O Dia Mundial do Livro e dos Direitos Autorais é celebrado em 23 de abril, sendo uma iniciativa da Unesco desde 1996. A data tem uma razão especial: os grandes escritores Miguel de Cervantes e William Shakespeare faleceram praticamente no mesmo dia e ano, em 23 de abril de 1616.
Nos países de língua portuguesa, há uma rica tradição literária que merece destaque. Confira abaixo cinco livros escritos em língua portuguesa, premiados, mas ainda pouco conhecidos pelo público brasileiro.
A visão das plantas é uma narrativa inspirada na leitura de "Os Pescadores", de Raul Brandão. Narra a história de Celestino, homem desprezível que cometeu atrocidades no passado, mas que passa o resto dos dias cultivando seu jardim.
De acordo com o resumo da obra, “Djaimilia construiu um romance que encanta pela beleza de suas frases e fascina pela profundidade com que Celestino é desenhado”.
Trecho do livro
As plantas viam o jardineiro como as plantas veem. Não se sentiam agradecidas. Tratavam o seu regador à semelhança da chuva que caía sobre elas nas noites de Outono. Florescerem não era o seu meio de meterem conversa com o jardineiro, mas uma forma de acentuarem a sua indiferença à declaração de amor que ele cultivava a cada hora. [...] Nenhuma flor lamentava a morte dos escravos que Celestino sufocara no mar. [...] As plantas viam-no como um olho de vidro vê a passagem das nuvens.

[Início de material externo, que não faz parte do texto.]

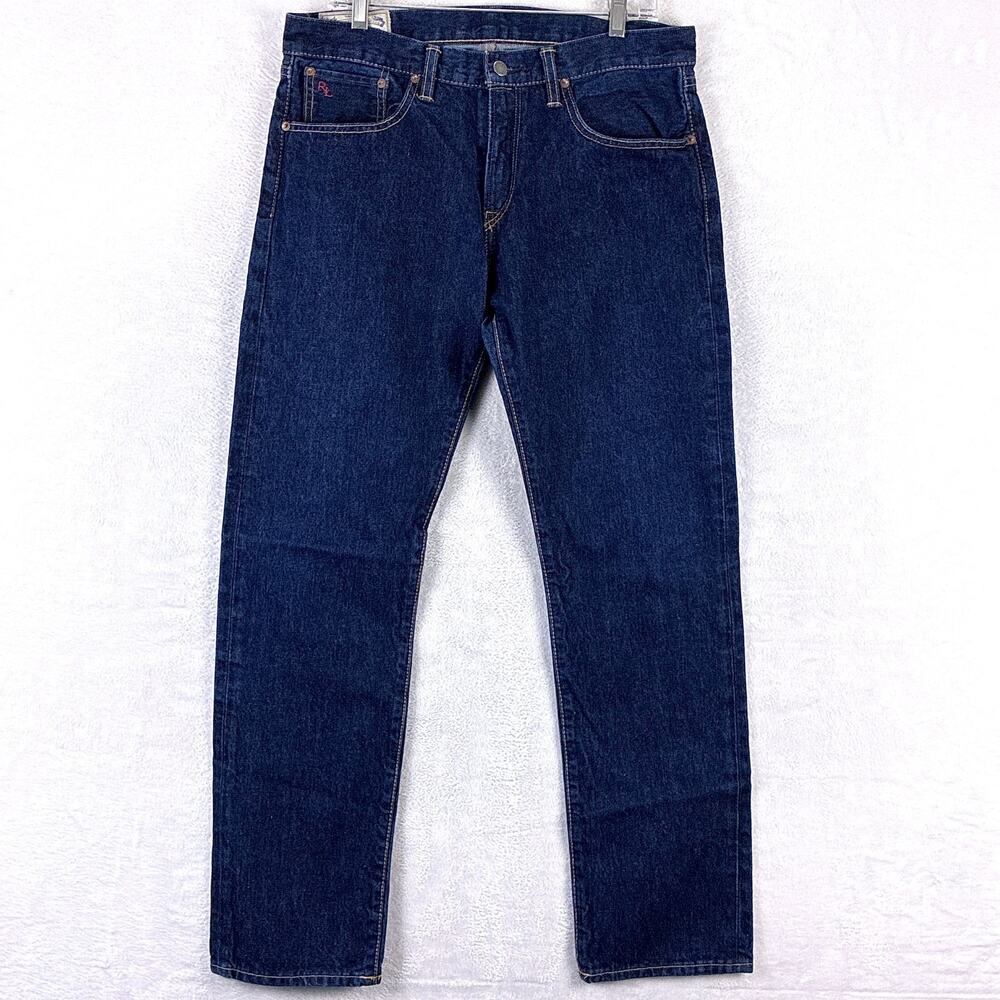 Polo Ralph Varick Lauren Jeans Mens 32x32 (34x32) Raw Dark Wash Preppy Classic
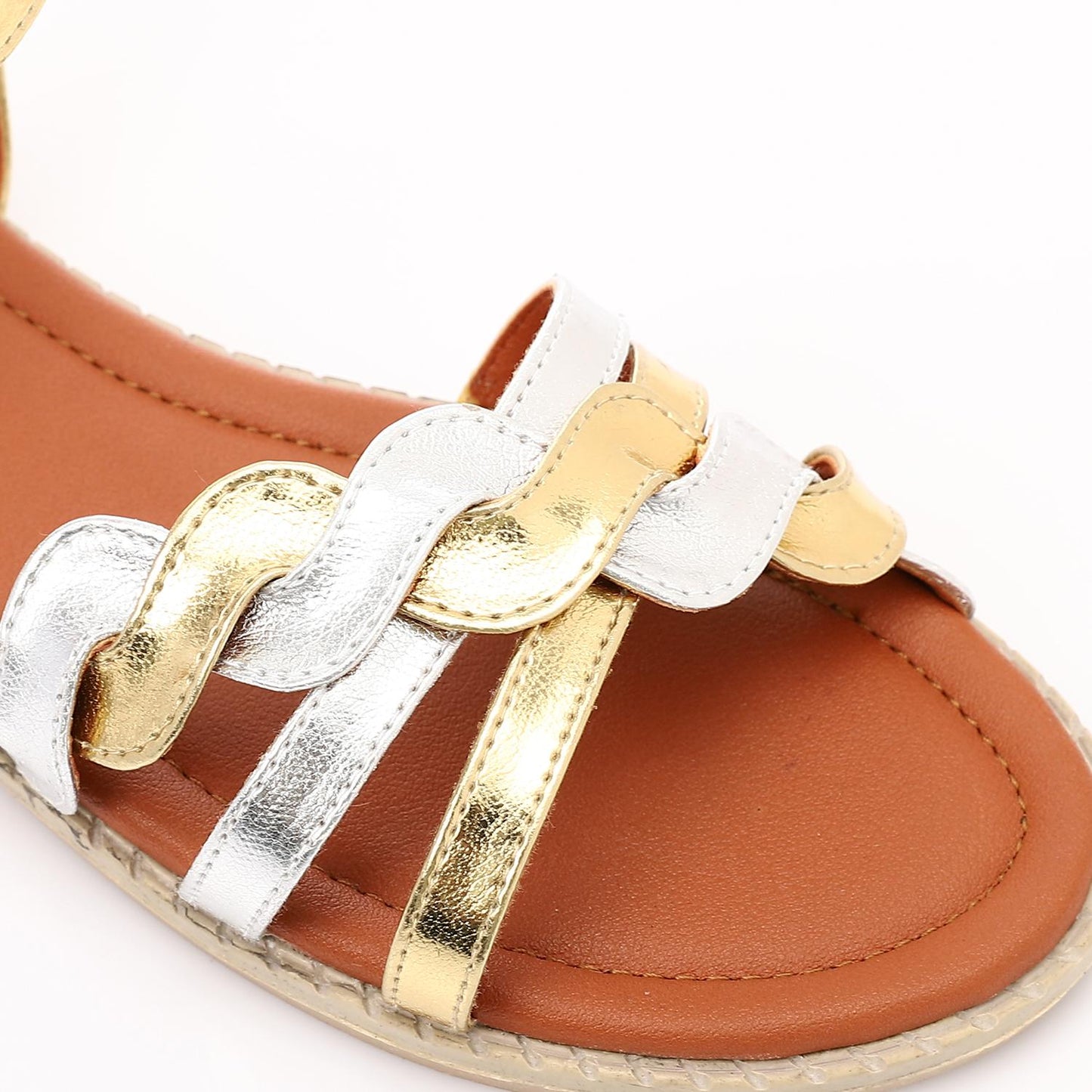 Leather Metallic Strappy Sandals – Multicolor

Sobre a autora: Djaimilia Pereira de Almeida é uma escritora portuguesa nascida em Angola, em 1982. Leciona na New York University, tendo ganhado vários prêmios literários por suas obras.
Olhos d'água é uma coletânea de 15 contos que abordam a violência e a pobreza que acometem a população afro-brasileira. Em uma linguagem extremamente poética, apresenta histórias de mulheres negras e homens cujos destinos são influenciados por mulheres.
Trecho do livro
Uma noite, há anos, acordei bruscamente e uma estranha pergunta explodiu de minha boca. De que cor eram os olhos de minha mãe? Atordoada custei reconhecer o quarto da nova casa em que estava morando e não conseguia me lembrar como havia chegado até ali. E a insistente pergunta, martelando, martelando... De que cor eram os olhos de minha mãe? Aquela indagação havia surgido há dias, há meses, posso dizer. Entre um afazer e outro, eu me pegava pensando de que cor seriam os olhos de minha mãe. E o que a princípio tinha sido um mero pensamento interrogativo, naquela noite se transformou em uma dolorosa pergunta carregada de um tom acusatório. Então, eu não sabia de que cor eram os olhos de minha mãe?
Sobre a autora: Conceição Evaristo é uma premiada escritora mineira, nascida em 1946. Possui doutorado em Literatura Comparada e é uma das mais influentes escritoras do movimento pós-modernista.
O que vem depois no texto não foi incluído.